_Source data:_
◆ ◆ ◆ ◆ ◆

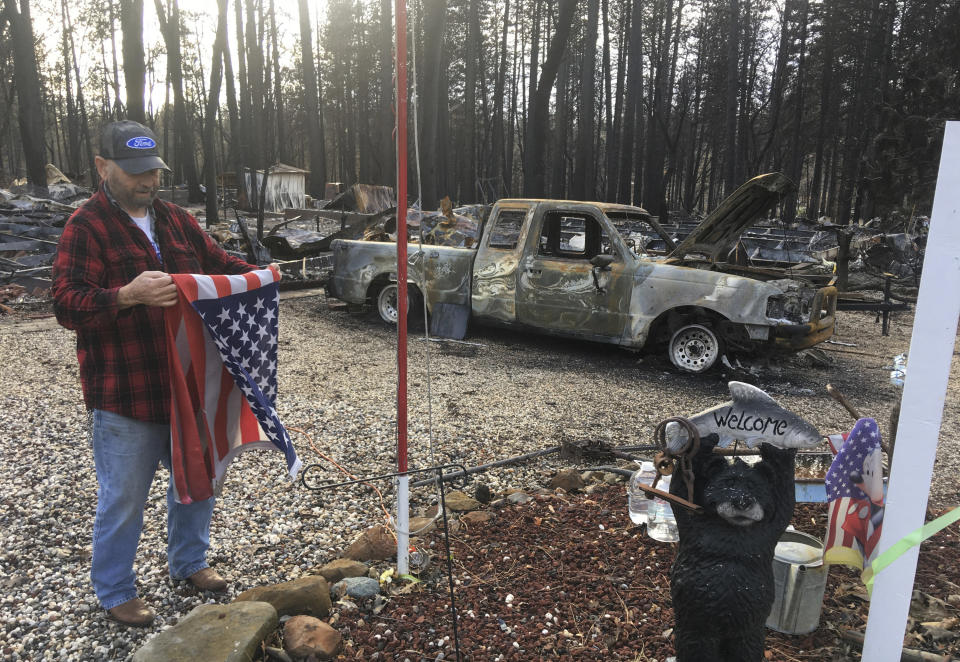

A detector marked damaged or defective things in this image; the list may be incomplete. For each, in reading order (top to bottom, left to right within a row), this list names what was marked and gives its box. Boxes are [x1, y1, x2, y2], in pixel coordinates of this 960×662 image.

burned truck [326, 174, 836, 374]
charred vehicle hood [668, 174, 796, 264]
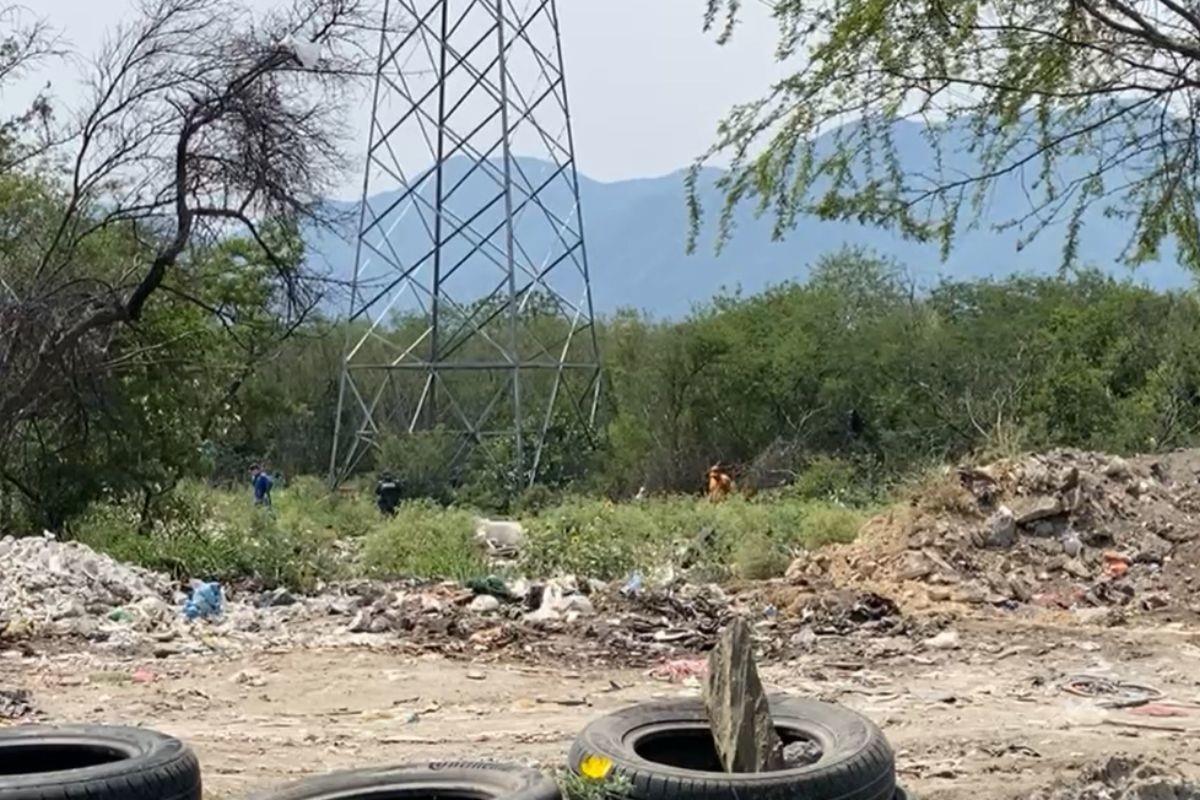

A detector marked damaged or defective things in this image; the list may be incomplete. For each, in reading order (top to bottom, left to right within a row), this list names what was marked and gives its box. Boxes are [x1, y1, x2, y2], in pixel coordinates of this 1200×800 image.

broken concrete [700, 618, 787, 772]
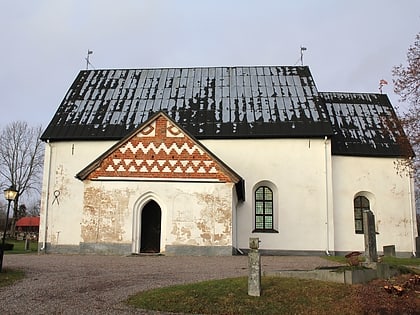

◆ ◆ ◆ ◆ ◆

_What is required:_ Set down again, exactly, the lines from the one with "this 1200×800 image." to the last line of the data, both included and pictures excluded.

_Answer below:_
A detector marked damaged or defective things in this image; the list may be incomplete. For each, in reading order (top to bottom, left to right within a row), this list names what was marked and gives its box. Boxes are [x1, y1, x2, y2], in pixel coordinates of this 1200×800 image.

broken concrete [700, 618, 787, 772]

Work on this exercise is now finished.